Il suo esercizio può, in linea teorica, coincidere con la volontà di un'Assemblea Costituente democraticamente eletta, oppure derivare da eventi storici di carattere rivoluzionario che determinano il sorgere di un nuovo regime politico, cioè di una nuova forma di Stato, o, anche, da un colpo di Stato.

Si discute se la convocazione di una nuova Assemblea costituente possa far recedere un ordinamento giuridico, in qualche misura, nuovamente ad una situazione di potere costituente. In ogni caso, giuristi come Leopoldo Elia manifestarono sempre una grande contrarietà all’idea della convocazione di una nuova assemblea costituente: egli "in Parlamento si pronunciò esplicitamente in questo senso soprattutto nel discorso tenuto in Senato, il 24 luglio 1991, in occasione del dibattito parlamentare sul messaggio che il Presidente Cossiga aveva inviato alle Camere il 26 giugno di quell’anno. «Lasciamo [...] da parte il ricorso a una assemblea costituente», disse Elia, perché non ce n’è affatto bisogno per «modificare anche norme di grande rilievo in ordine alla forma di governo» (p. 193) e perché il momento costituente era stato già vissuto subito dopo la guerra e non poteva essere ricreato (potremmo dire) "a freddo" e in mancanza delle condizioni storiche necessarie"[2].

Dibattito accademico

Peraltro, il problema del potere costituente ha costituito uno dei temi centrali della riflessione costituzionalistica. Nella dottrina giuridica è possibile individuare schematicamente due diverse letture di questo concetto.
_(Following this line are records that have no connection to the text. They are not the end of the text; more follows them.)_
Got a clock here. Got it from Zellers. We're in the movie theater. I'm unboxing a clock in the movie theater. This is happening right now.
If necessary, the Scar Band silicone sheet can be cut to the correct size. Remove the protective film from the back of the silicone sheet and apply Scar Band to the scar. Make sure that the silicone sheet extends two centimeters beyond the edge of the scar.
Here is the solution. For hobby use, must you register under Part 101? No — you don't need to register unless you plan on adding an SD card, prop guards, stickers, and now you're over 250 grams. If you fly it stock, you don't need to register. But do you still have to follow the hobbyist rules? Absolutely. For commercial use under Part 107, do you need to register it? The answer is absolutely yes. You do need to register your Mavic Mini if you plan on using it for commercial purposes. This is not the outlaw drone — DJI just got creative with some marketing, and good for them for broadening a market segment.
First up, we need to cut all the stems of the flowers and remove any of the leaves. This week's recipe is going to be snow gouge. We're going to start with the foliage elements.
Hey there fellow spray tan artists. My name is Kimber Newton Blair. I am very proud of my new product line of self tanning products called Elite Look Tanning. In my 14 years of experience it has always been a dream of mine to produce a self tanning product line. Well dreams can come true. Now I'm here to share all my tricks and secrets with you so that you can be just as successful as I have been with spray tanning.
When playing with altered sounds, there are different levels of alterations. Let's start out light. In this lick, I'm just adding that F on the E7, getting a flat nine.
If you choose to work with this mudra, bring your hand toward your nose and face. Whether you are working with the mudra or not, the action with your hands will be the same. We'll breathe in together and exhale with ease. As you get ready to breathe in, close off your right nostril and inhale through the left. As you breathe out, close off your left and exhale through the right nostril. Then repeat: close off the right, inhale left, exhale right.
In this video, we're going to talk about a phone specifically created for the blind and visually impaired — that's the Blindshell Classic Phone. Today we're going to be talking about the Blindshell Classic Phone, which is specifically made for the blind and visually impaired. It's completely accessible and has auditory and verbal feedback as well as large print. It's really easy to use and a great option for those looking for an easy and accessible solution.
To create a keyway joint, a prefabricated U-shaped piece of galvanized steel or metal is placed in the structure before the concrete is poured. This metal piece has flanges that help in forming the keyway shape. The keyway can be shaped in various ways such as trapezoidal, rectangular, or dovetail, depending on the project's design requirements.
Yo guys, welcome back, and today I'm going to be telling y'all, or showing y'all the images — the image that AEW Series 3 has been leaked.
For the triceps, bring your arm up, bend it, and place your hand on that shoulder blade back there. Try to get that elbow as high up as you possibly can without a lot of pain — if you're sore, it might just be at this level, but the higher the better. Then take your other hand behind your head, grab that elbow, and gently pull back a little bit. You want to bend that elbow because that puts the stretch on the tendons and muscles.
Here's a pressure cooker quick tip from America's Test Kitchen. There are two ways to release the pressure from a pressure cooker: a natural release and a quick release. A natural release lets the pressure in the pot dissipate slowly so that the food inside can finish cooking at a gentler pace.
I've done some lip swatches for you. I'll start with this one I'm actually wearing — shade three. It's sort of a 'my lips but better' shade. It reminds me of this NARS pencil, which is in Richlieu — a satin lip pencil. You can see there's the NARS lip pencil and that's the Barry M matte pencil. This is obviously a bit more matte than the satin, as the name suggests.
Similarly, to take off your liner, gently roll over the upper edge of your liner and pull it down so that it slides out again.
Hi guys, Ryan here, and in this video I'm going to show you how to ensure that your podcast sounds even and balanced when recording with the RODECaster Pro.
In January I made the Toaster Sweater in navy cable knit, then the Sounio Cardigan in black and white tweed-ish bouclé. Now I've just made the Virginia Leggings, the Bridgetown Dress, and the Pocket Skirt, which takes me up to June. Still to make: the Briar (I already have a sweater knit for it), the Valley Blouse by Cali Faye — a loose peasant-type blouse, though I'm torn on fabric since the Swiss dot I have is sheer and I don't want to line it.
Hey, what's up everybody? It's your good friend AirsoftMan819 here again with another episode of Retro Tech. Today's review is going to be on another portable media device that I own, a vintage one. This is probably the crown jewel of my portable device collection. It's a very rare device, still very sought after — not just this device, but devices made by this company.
Secondo un primo filone, di matrice gius-positivistica il problema della definizione e del significato del potere costituente è un falso problema, non è un problema giuridico: esso concerne i meri fatti umani e non è qualificabile quale un fatto normativo. In altre parole, il potere costituente, in quanto non costituito, in quanto assoluto e illimitato, non è giuridico. Esso è invece un fatto unico e irripetibile, che sta all'origine del nuovo ordinamento. E come noto, nell'ambito della concezione positivista, il mondo dei fatti è nettamente distinto dal mondo del diritto.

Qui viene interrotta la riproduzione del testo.